Wrexham & Shropshire (legally Wrexham, Shropshire & Marylebone Railway Company Limited [1] ) was an open access operator that provided passenger rail services in the United Kingdom. Services between Wrexham and London Marylebone operated from April 2008 until January 2011.

Contents

The company was founded in early 2006 with the ambition of restoring the discontinued service to London to multiple stations in Shropshire and the Welsh Marches. In October 2006, an evaluation service was run from London Marylebone to Wrexham General to test the route's viability. In March 2007, Wrexham & Shropshire applied for track access rights to operate services with the Office of Rail Regulation (ORR); this application was granted from December 2007, enabling the launch of passenger services on 28 April 2008. While Wrexham & Shropshire had initially planned to operate a small fleet of Class 158 or Class 170 diesel multiple units, it was decided to use locomotive-hauled rakes of Mark 3 carriages, paired with Driving Van Trailers and Class 67 locomotives instead.

Having been established as a joint venture between John Laing and Renaissance Trains, the former sold its rail operations division and its shareholding in Wrexham & Shropshire to the German state railway company Deutsche Bahn in January 2008. In September 2009, DB Regio announced that it had arranged to take complete ownership of the company. DB Region partially aligned the company with another of its subsidiaries, Chiltern Railways, and at one point attempted to merge the two companies together. Financial support for the venture was forthcoming from the Welsh Assembly. New facilities were opened at Wrexham General, while a refurbishment programme of the Mark 3 carriages resulted in higher quality rolling stock being introduced from September 2009.

In 2009, it became clear that the service was attracting a lower than anticipated number of passengers, an outcome that Wrexham & Shropshire attributed to a wider economic downturn. The number of trains operated was decreased from a peak of five per day to three per weekday by December 2010. A rival service launched by Virgin Trains between London and Wrexham via Chester had also been launched in October 2008; other operators also had ambitions to launch direct trains between London and Shrewsbury. During January 2011, it was announced that there was no prospect of the service ever becoming profitable; on 28 January 2011, Wrexham & Shropshire ceased all operations.

History

Formation

Wrexham & Shropshire was established during early 2006 with the aim of operating rail passenger services between Wrexham and London Marylebone. [2] [3] [4] The company was a joint venture between John Laing and Renaissance Trains.

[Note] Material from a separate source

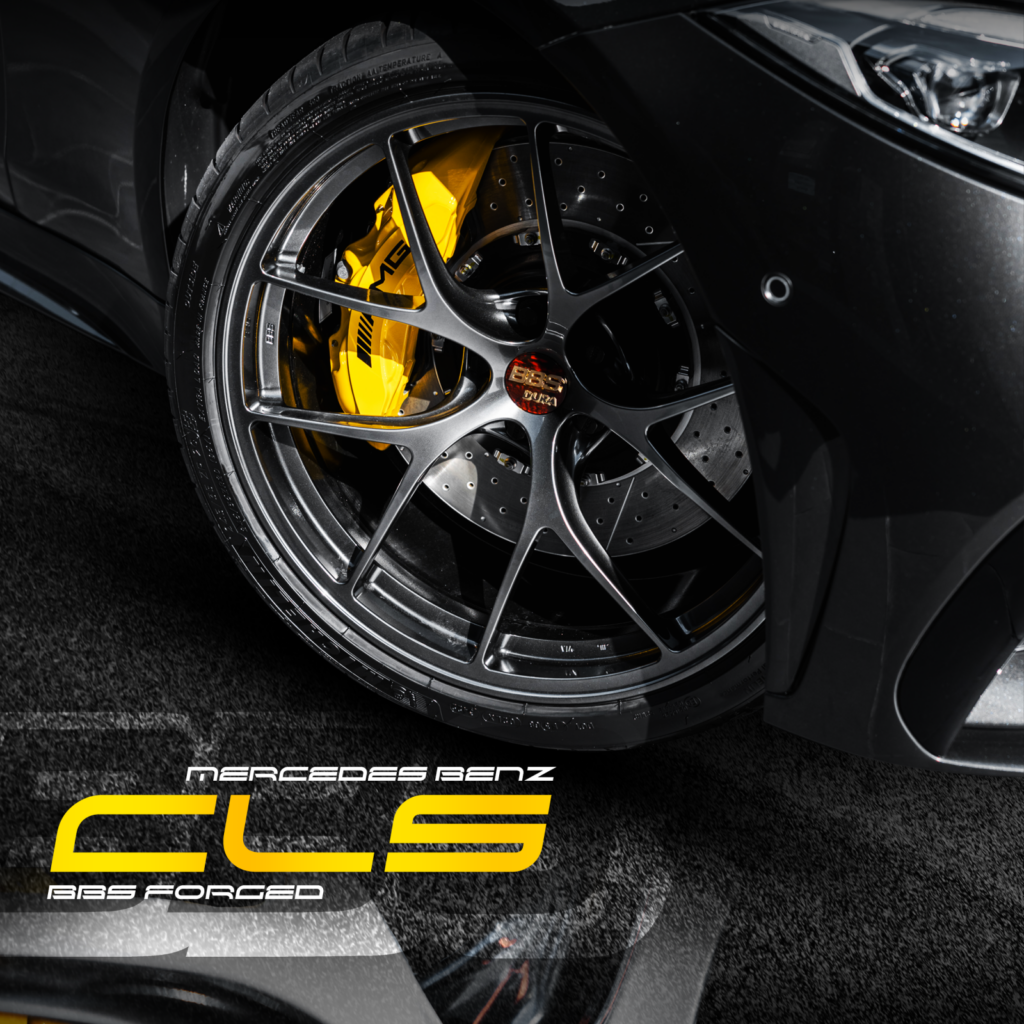 Mercedes-Benz CLS ล้อ BBS Forged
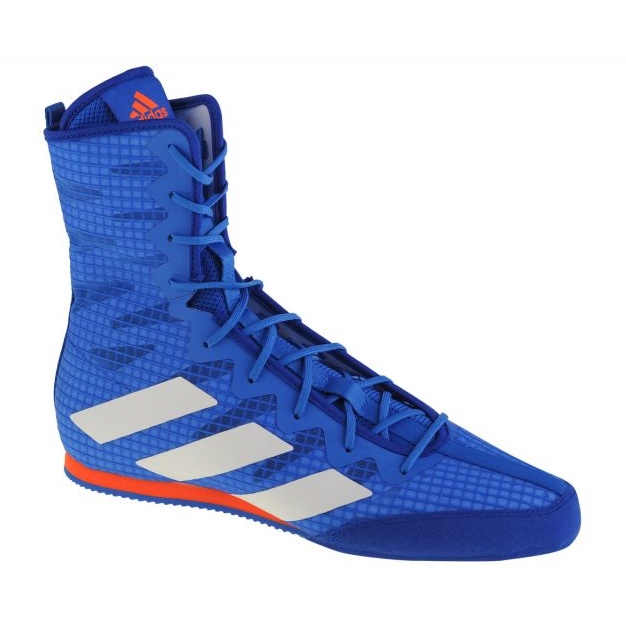 Chaussures Adidas Box Hog 4 GW1402 bleu Chaussures Adidas Box Hog 4 GW1402 bleu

Unlike the majority of train operating companies active at that time, this new operator had not been awarded a franchise to run the service, but instead pursued the venture as an open access operator [5] [6] There was no incumbent competition, as direct railway services between the region and London had been withdrawn by InterCity in 1992. While the franchised operator Virgin Trains had opted to launch its own service between Shrewsbury and London Euston in May 1998, the company had decided to withdraw this service during 1999. [7] [8] [9]

In October 2006, an evaluation service ran from London Marylebone to Wrexham General via the proposed route using the EWS Company Train. [10] [11] This evaluation train, formed from a rake of Mark 3 carriages with a British Rail Class 67 locomotive on either end, was determined to be a satisfactory arrangement, and it was announced that a broadly similar arrangement would be pursued for the regular service during December 2006. [12] [13] However, Wrexham & Shropshire's original plans had envisaged using either Class 158 or Class 170 diesel multiple units, but a lack of available rolling stock had compelled the company to adopt the locomotive-hauled arrangement instead. [14] Reportedly, planners had initially identified five potential routes for the service. [2]

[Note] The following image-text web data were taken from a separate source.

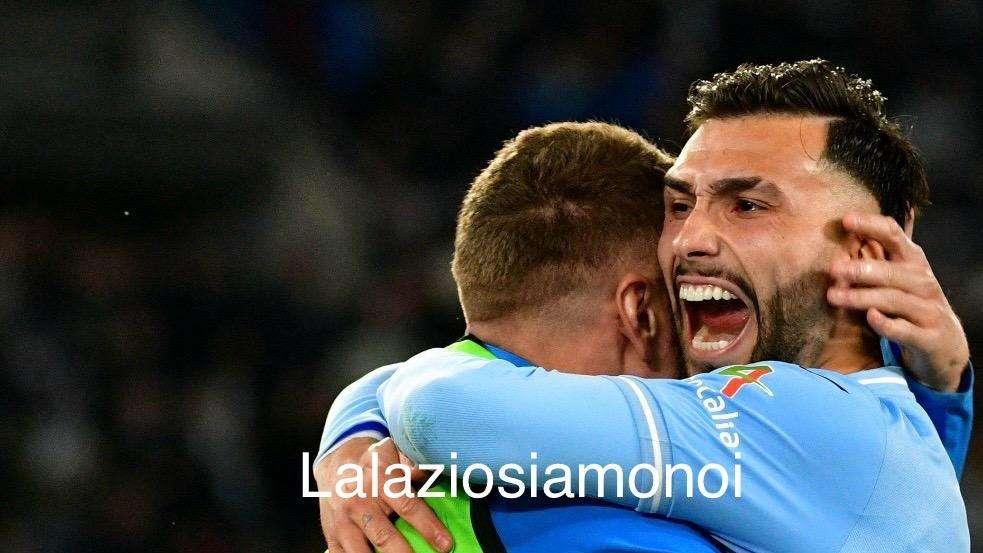 Lazio, Castellanos segna e Immobile impazzisce: il gesto del capitano - FOTO
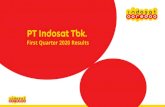 PT Indosat Tbk · PT Indosat Tbk. –Q1 2020 Results | 29 April 2020 | 9 7.9% YOY Revenue growth and 10.4% YOY EBITDA Growth • EBITDA margin 36.5%, an improvement of 0.8ppt YoY.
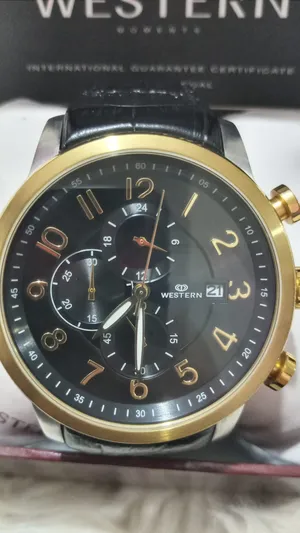 ساعة سويسري نوع ويسترن بحالة الوكالة  بطارية جديدة  للبيع بــ سعر 70 دينار سعر الشراء 140 د
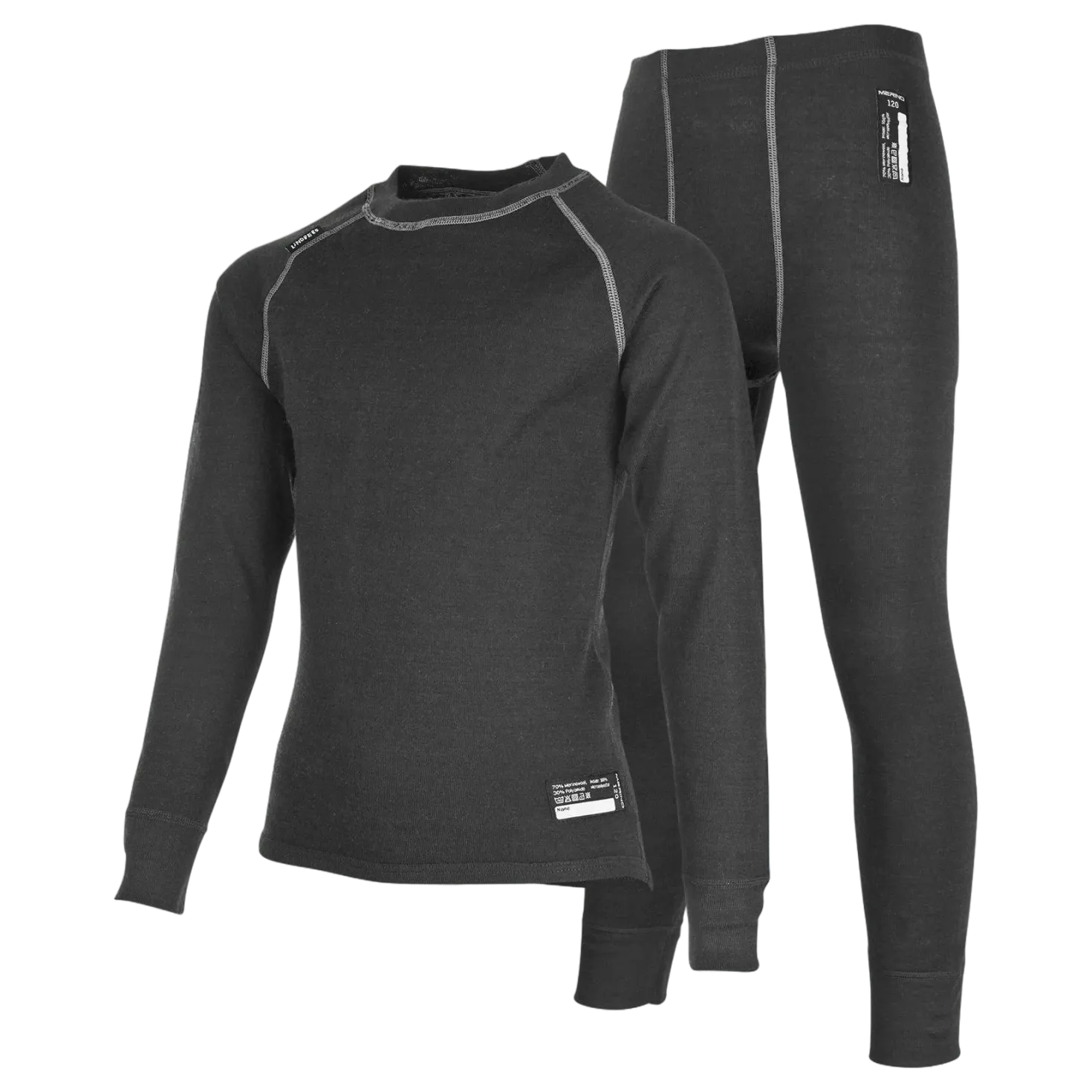 Merino Set Junior Grey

During October 2006, the Welsh Assembly announced that Wrexham & Shropshire did not qualify for employment grants which the company had intended to use to improve the facilities at Wrexham General railway station in order to turn it into its operational centre. This outcome led to speculation that, if sufficient funding could not be found, the company might have to relocate its base to Shrewsbury, and that such a move would adversely impact the number of services that would be operated to/from Wrexham as well as other stations. [15] However, in November 2006, the Welsh Assembly announced that the Wrexham & Shropshire was eligible for the grant and, as a result, a site survey at Wrexham General was undertaken. Upon its completion, the depot was to be open to all train operating companies. [16]

Approval and launch

In March 2007, Wrexham & Shropshire lodged an application with the Office of Rail Regulation for track access rights to operate services. [14] In September 2007, the company was granted access rights from December 2007 for a seven-year period. [17] [18] [19] The timing of this decision meant that Wrexham & Shropshire's original plan to launch passenger services in 2007 had to be postponed into the first part of the following year. [2] [20]

On 28 April 2008, Wrexham & Shropshire commenced scheduled passenger operations. [21] [22] [23] The occasion was hailed by Deputy First Minister Ieuan Wyn Jones as "a key role in building a more effective rail network for Wales". [24] The launch of Wrexham and Shropshire saw the restoration of regular direct trains between Wrexham and London for the first time in 41 years. [25]

The relatively lengthy journey time, which was partly due to the use of unfavourable train paths, was attributed as a detracting element of the service. [26] [27] Favourable features included the rolling stock itself, which was frequently observed to be of a high standard and relatively luxurious. The firm rapidly established an excellent reputation for customer service, being scored on multiple surveys in the high 90s, including a 99 percent customer satisfaction rating in 2010, the highest of any Britain train operator. [26] [28] [29]

Ownership changes and proposed merger

In January 2008, John Laing's rail operations division, which included its shareholding in Wrexham & Shropshire, were sold to the German state railway company Deutsche Bahn. [30] [31] [32] [33] After this transaction, the shareholders in Wrexham & Shropshire were DB Regio (50%), Renaissance Trains (36%) and John Laing (14%). [34] In September 2009, DB Regio announced that it would be taking complete ownership of Wrexham & Shropshire, resulting in its partial alignment with fellow DB-owned UK train operating company Chiltern Railways. [35]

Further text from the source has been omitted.